- Aim of the exercise: Look for the line with "Coppia di guanti"; please transcribe it and every later line in the entries exactly, up to the end, leaving pictures out.

-- Record extracts follows --

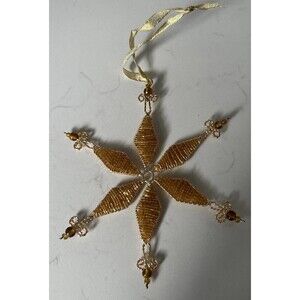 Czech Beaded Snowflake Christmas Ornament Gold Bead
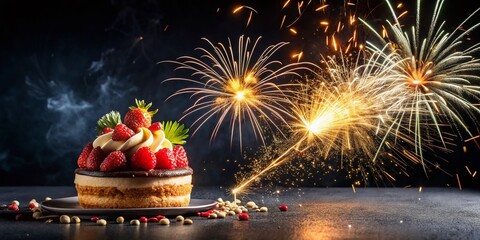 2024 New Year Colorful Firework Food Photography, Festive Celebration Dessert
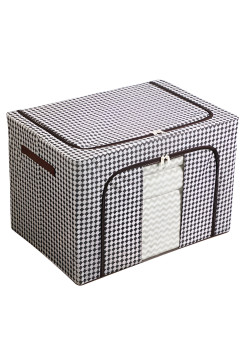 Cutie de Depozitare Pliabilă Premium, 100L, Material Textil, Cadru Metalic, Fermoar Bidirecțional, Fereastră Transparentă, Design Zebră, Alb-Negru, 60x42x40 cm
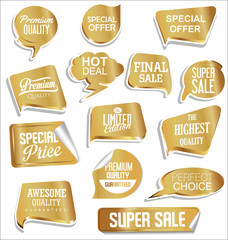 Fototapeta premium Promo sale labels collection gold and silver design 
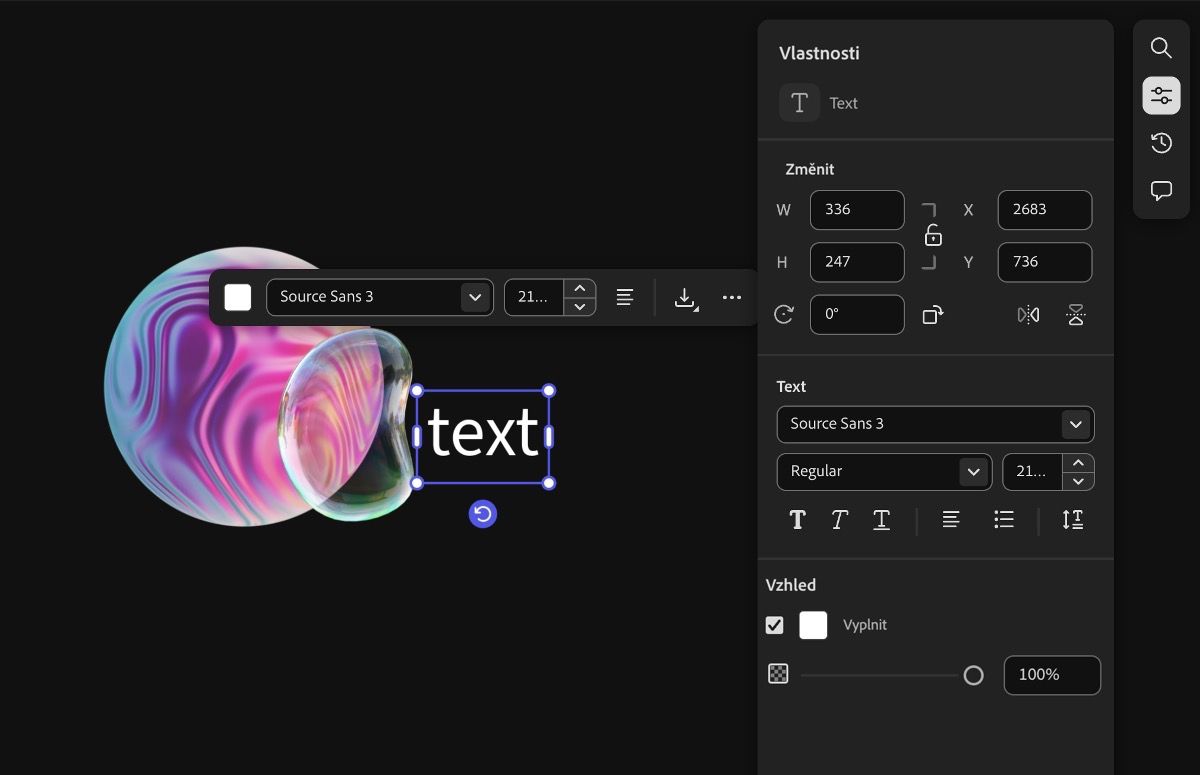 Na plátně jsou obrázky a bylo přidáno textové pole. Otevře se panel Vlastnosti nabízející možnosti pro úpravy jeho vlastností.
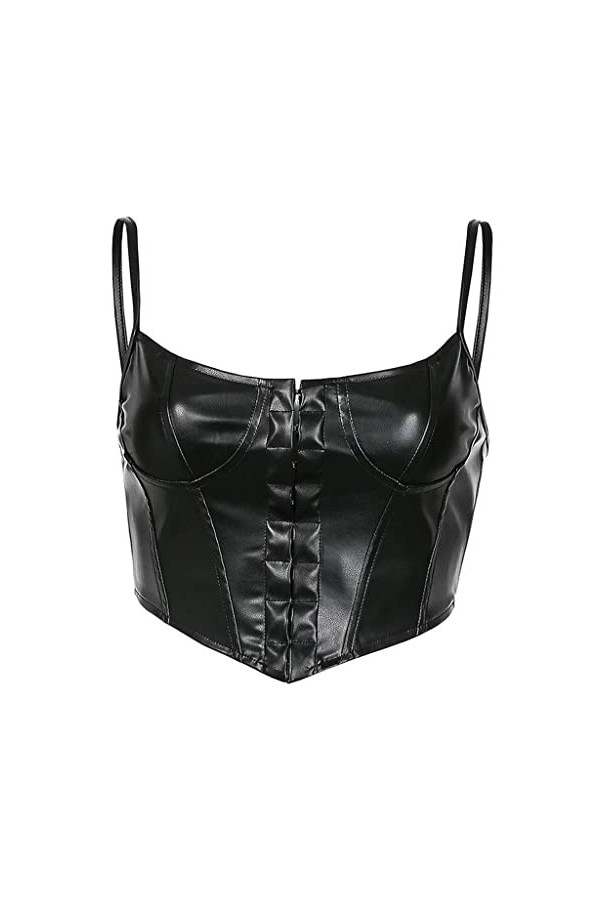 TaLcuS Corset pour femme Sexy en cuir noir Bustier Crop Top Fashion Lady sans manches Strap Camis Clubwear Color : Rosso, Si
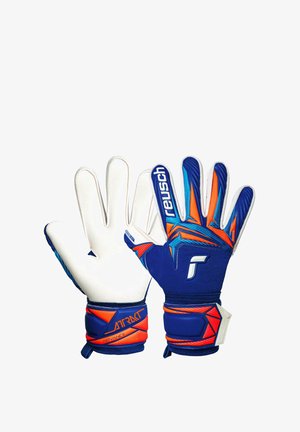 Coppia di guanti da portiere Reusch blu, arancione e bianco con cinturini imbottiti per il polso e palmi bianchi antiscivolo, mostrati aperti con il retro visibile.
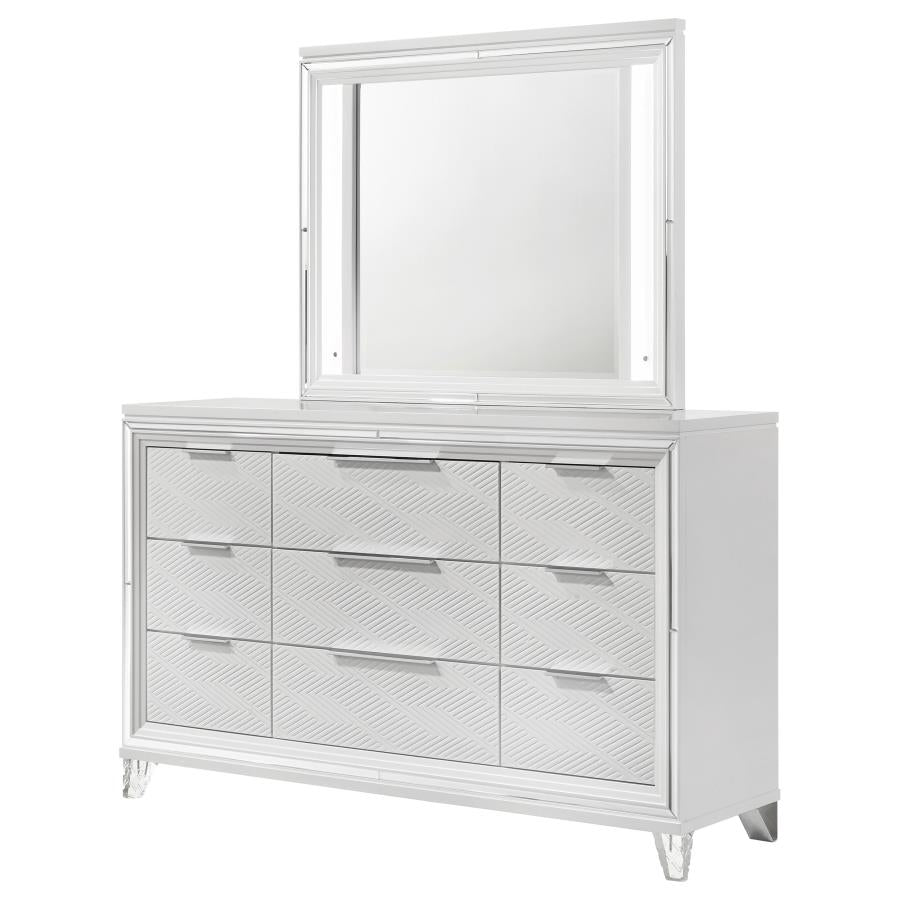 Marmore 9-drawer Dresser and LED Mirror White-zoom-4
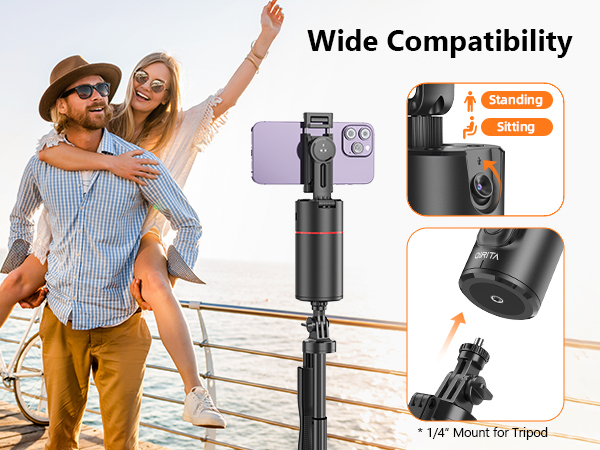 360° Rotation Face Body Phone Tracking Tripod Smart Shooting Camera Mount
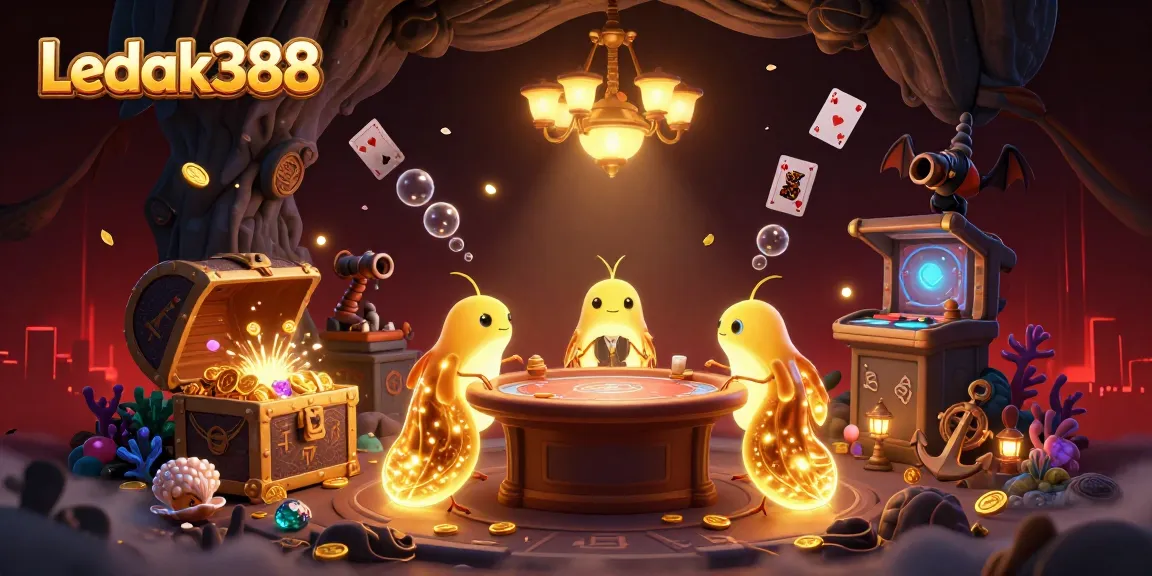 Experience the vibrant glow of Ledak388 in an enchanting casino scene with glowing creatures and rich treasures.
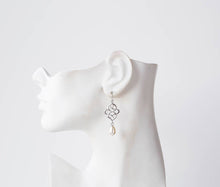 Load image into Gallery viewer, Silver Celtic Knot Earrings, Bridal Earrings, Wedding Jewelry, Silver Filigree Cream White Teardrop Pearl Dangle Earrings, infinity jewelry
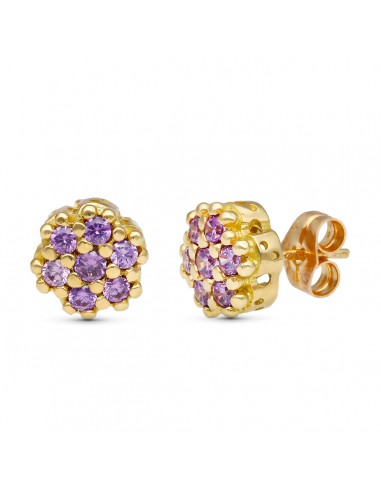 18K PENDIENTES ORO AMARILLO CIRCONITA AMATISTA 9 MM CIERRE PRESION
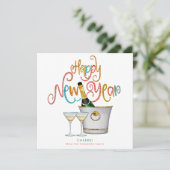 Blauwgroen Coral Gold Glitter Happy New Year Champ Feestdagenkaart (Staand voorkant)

-- Record extracts concluded --

- Task solution:
 Coppia di guanti da portiere Reusch blu, arancione e bianco con cinturini imbottiti per il polso e palmi bianchi antiscivolo, mostrati aperti con il retro visibile.
 Marmore 9-drawer Dresser and LED Mirror White-zoom-4
 360° Rotation Face Body Phone Tracking Tripod Smart Shooting Camera Mount
 Experience the vibrant glow of Ledak388 in an enchanting casino scene with glowing creatures and rich treasures.
 Load image into Gallery viewer, Silver Celtic Knot Earrings, Bridal Earrings, Wedding Jewelry, Silver Filigree Cream White Teardrop Pearl Dangle Earrings, infinity jewelry
 18K PENDIENTES ORO AMARILLO CIRCONITA AMATISTA 9 MM CIERRE PRESION
 Blauwgroen Coral Gold Glitter Happy New Year Champ Feestdagenkaart (Staand voorkant)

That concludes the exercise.